Probabilmente si tratta della pellicola in cui si respira in minor misura “l’aria australiana” eppure Babadook resta l’emblema della capacità dei registi australiani di saper sovvertire le regole, e allo stesso tempo la prova dei grandi nuovi talenti che questa terra continua a regalarci. Dobbiamo infatti ringraziare l’Australia per aver fatto si che Jennifer Kent ristabilisse in qualche modo lo status del cinema horror, contribuendo con il suo ormai cult ad affermare l’horror d’autore moderno. Nella pellicola dove seguiamo l’angusta vita di una madre depressa alle prese con un figlio iperattivo e un libro pop-up che porta nella sua casa un’oscura entità, assistiamo a un ritratto profondamente psicologico. Con un pizzico del cinema di Lynch, viviamo la realtà immaginaria di un essere umano alle prese con i propri demoni interiori, trovatosi a un bivio inaspettato. La Kent attinge alla sua cultura horror prendendo in prestito elementi dai classici come Nightmare e ispirandosi all’espressionismo tedesco per la realizzazione della sua creatura. Una vera e propria purista del genere, che asciuga il suo lavoro dagli effetti speciali, eliminando i tipici jump scare induce lo spettatore ad avere paura senza ostentazioni.

Strangerland (2015)

Sottovalutato debutto alla regia di Kim Farrant, anche in questa pellicola troviamo gli elementi chiave della filmografia australiana: il deserto, gli aborigeni e le loro tradizioni. Travestita da semplice thriller drammatico sulla sparizione di una giovane adolescente problematica, soffocata dalla sua famiglia, Strangerland è in realtà un intelligente percorso di scoperta dell’identità femminile, vissuta da due diverse generazioni: quella della madre, una donna sessualmente repressa con un oscuro passato, che vede la sua giovinezza sfumare via in una vita di non realizzazione personale, e quella della figlia, alla scoperta della propria sessualità, allo stesso tempo un uccello in gabbia volenteroso di fuggire dalla propria famiglia opprimente.

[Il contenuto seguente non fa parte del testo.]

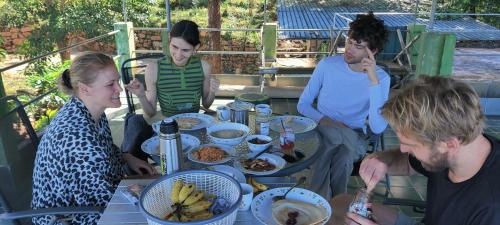 een groep mensen die rond een tafel zitten met eten bij Rohana Estate Lodging & Camping in Kandy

Una tempesta di sabbia è solo uno spunto per scatenare gli sfoghi più reconditi della loro psiche, se la figlia finisce per perdersi letteralmente nel deserto australiano, la madre viene spinta sull’orlo della pazzia dal bigottismo della propria comunità, fino ad esplodere in un freak-out dopo essere stata preda di visioni notturne. Un film che deve la sua riuscita soprattutto alla stupefacente performance di Nicole Kidman.

Altri titoli: Wolf Creek (2005), Gli anni spezzati (1981), Lantana (2001), Skinheads (1992), The Dish (2000), Ore 10: Calma Piatta (1989), Lion (2016).